The graphics and music are both top notch. The music is stirring, epic and never just a little background melody. The rapturous singing met with powerful sounds is a perfect fit for the massive adventure the game aims to be.
Graphically the game is crisp and detailed. Character hands, however, look like Dumbledore’s in Harry Potter when one of them ends up looking black and dead. I still can’t believe I let Isabela and Merrill touch me with hands that look like that.
The art style also deserves mention. Elves no longer look like slightly smaller humans; they have distinct faces and noses. Qunari also don’t look like Shaquille O’neal; they are gigantic and have horns.
Aside from the reused dungeons, I would pinpoint only two more problems: glitches and the last battle.
Glitches in the game pose no major issues, but they will prevent achievements from popping up, and screw up the order of story sequences in Merrill’s companion quests, which is annoying but doesn’t affect anything in a major way.

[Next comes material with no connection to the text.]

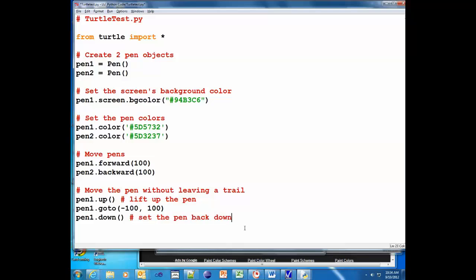Now these are comments. Remember what I said about comments - they are ignored by the program. They are there for your benefit and other people who look at your program. Now right now this program is pretty self-explanatory.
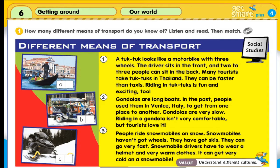Gondolas are long boats. In the past, people used them in Venice, Italy, to get from one place to another. Gondolas are very slow. Riding in a gondola isn't very comfortable, but tourists love it.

The last battle is more a personal qualm. It gets a little too JRPG for me in that it’s just a little unbelievable. I can take magic, Darkspawn and demons, but I draw the line at statues coming to life and end bosses practically jumping higher than Superman used to before he could fly.
On a final note, the ending is both satisfying and disappointing.

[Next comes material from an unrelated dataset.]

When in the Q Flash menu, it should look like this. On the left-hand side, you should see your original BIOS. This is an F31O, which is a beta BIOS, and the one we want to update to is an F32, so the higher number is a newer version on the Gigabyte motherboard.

The ending does more for the third game than it does for the second. It doesn’t bring a very good conclusion to the character’s stories. The main hero and his love (loves in my case) seem to run off with the hero of Ferelden whereas everyone else is an unknown. However, this vague ending could work in BioWare’s favor, as it will give quite a bit of wiggle room when lead writer David Gaider gets cracking on the third game.
Dragon Age 2 is different than Origins, but it’s still damn good. Seeing the story come full circle and evolve in the second game is a treat, and seeing decisions made in Origins and Awakening turn into quests, be mentioned throughout and actually make valuable changes to your Dragon Age 2 experience is an even bigger treat. Fans of the series will eat it up, but those who want to start at the second game will want to give Origins a play first to better understand the world, lore and better appreciate the story.
[xrr label=”Rating: 9/10″ rating=9/10]
+ Different kind of narrative.
+ The foreshadowing will psyche fans up for the third game.
+/- Gameplay is streamlined.
– Reused assets for dungeons.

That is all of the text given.